■ **WHAT THE TASK REQUIRES**
Please restate, word for word, the lines below that begin at the one with "Calções de banho" and end at the one with "JW PEI Nell". Leave out all other lines.

■ **DATA**
+++
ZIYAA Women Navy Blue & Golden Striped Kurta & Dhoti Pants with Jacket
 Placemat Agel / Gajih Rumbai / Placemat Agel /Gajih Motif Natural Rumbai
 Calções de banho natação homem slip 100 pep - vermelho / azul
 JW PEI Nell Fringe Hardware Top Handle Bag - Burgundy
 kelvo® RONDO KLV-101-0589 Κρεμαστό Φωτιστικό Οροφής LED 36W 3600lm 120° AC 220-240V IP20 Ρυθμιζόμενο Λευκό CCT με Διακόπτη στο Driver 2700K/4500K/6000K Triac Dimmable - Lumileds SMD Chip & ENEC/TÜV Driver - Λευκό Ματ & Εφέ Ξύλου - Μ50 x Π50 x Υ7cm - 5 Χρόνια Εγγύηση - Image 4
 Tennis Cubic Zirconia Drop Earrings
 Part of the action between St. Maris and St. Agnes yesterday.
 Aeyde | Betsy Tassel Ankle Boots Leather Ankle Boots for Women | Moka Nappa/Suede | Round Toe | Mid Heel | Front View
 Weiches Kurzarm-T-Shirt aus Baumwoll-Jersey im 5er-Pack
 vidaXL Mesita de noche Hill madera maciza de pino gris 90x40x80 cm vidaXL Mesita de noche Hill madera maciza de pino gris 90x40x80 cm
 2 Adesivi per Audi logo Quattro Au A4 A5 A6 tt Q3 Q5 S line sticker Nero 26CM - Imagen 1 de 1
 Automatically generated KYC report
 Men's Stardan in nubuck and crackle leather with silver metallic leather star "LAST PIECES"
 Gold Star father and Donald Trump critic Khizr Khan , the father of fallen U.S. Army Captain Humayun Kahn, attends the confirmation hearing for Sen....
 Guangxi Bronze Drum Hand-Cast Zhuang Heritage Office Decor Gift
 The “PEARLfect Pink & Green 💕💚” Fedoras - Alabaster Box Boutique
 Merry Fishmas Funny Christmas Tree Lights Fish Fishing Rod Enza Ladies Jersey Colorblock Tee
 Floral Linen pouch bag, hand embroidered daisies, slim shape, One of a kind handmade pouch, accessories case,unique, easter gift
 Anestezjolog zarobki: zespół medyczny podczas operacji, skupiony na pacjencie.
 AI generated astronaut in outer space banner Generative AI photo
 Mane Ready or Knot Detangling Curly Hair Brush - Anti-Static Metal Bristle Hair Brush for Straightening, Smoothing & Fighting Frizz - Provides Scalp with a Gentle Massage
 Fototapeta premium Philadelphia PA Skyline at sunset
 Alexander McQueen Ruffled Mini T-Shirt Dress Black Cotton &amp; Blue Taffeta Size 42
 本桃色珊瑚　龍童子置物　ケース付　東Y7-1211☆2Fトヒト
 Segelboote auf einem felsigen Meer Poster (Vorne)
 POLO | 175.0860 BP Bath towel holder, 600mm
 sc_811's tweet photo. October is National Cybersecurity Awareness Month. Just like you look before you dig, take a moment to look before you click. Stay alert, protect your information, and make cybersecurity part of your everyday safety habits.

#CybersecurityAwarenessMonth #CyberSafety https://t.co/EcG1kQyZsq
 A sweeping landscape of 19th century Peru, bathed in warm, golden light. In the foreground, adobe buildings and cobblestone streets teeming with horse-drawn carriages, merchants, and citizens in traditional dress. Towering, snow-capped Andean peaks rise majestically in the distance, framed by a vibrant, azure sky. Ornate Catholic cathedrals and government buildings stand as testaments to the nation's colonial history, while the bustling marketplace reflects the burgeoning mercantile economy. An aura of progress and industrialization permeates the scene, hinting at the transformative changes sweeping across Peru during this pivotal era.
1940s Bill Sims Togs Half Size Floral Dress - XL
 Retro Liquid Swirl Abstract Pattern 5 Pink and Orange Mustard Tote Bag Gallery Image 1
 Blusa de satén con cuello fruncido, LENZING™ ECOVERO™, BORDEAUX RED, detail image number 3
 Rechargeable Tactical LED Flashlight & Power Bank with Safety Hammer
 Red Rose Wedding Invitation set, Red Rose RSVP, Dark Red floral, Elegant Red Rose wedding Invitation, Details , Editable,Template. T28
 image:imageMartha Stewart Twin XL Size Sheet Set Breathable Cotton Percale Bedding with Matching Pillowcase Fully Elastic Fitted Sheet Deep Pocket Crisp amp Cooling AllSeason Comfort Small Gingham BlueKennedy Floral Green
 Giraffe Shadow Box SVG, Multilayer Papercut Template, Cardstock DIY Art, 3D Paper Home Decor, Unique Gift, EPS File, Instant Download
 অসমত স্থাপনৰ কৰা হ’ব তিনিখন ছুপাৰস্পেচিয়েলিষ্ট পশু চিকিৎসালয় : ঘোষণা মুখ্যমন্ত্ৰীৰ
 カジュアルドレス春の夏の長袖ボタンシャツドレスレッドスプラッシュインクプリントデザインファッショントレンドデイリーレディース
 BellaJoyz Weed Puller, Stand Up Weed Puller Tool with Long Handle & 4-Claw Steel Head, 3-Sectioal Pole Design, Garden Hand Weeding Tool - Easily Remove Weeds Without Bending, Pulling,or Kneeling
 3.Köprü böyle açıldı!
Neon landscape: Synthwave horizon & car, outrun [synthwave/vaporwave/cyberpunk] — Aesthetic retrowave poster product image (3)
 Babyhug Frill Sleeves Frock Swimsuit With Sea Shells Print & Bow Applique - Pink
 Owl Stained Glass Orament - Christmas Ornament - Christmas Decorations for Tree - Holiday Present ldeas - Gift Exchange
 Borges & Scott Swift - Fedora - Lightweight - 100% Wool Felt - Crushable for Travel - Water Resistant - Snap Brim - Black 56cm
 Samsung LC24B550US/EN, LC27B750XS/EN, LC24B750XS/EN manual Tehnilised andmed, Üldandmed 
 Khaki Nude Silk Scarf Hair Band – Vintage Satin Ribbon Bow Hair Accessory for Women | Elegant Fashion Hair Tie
+++
■ **EXERCISE ANSWER**
 Calções de banho natação homem slip 100 pep - vermelho / azul
 JW PEI Nell Fringe Hardware Top Handle Bag - Burgundy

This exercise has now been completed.